Time Inc, Gone / by Muhammad Amir Ayub

From the New York Times:

In 1929, the year of Mr. Hadden’s sudden death, Mr. Luce started Fortune. In 1936, he bought a small-circulation humor publication, Life, and transformed it into a wide-ranging, large-format weekly. Later came Sports Illustrated, Money, People and InStyle. By 1989, with more than 100 publications in its fold, as well as significant holdings in television and radio, Time Inc. was rich enough to shell out $14.9 billion for 51 percent of Warner Communications, thus forming Time Warner.
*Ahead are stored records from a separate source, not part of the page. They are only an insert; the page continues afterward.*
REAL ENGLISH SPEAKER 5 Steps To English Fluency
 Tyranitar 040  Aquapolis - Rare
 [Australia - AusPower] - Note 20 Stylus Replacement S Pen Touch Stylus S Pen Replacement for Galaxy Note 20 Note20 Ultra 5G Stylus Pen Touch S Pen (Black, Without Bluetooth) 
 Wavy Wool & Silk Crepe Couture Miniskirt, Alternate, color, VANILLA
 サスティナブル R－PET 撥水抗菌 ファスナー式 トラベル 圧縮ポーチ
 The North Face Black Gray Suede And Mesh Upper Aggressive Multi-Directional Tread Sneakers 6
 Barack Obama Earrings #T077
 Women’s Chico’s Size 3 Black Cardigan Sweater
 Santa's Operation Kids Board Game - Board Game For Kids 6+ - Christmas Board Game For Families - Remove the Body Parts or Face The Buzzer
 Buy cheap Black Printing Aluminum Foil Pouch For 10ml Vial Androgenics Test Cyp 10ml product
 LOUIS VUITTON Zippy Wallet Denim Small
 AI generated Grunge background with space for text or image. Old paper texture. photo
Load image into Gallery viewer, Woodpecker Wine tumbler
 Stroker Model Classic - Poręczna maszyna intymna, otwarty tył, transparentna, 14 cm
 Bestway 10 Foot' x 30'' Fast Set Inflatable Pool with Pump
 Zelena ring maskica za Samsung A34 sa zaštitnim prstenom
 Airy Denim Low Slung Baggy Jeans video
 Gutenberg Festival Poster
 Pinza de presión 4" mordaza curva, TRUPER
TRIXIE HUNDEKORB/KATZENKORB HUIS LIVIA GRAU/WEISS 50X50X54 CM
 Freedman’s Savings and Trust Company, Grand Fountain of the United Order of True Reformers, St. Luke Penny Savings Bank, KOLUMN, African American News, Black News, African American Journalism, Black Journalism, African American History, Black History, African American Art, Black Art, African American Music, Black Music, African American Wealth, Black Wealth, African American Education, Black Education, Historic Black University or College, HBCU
The flush times went on for a while. But then, starting about a decade ago, the company began a slow decline that, in 2018, resulted in the Meredith Corporation, a Des Moines, Iowa, media company heavy on lifestyle monthlies like Better Homes and Gardens, completing its purchase of the once-grand Time Inc. in a deal that valued the company at $2.8 billion. The new owner wasted no time in prying the Time Inc. logo from the facade of its Lower Manhattan offices and announcing that it would seek buyers for Time, Fortune, Sports Illustrated and Money. The deadline for first-round bids was May 11.

Continue reading it to get an idea of the culture of excesses and affairs before it's decline by not adapting to the Internet.

I remember during the start of my debating years, I started off reading Time and/or Newsweek (another much fallen "giant" of the times, subscribed by my father), before you'd get serious and start reading the Economist and researching issues online via Google.

It's clear that the Internet has claimed many traditional media entities as its prey.